____ Information shown
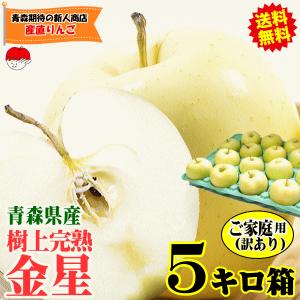 ただ今サンふじ・モールド詰めとなります】青森りんご 送料無料 超訳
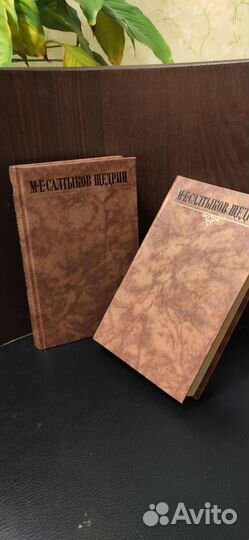 М.Е.Салтыков-Щедрин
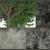 deciduous tree 3d model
________
*Exercise requirements*:
Reprint the whole listing above exactly, taking out the pictures.

*Output for this exercise*:
 ただ今サンふじ・モールド詰めとなります】青森りんご 送料無料 超訳
 М.Е.Салтыков-Щедрин
 deciduous tree 3d model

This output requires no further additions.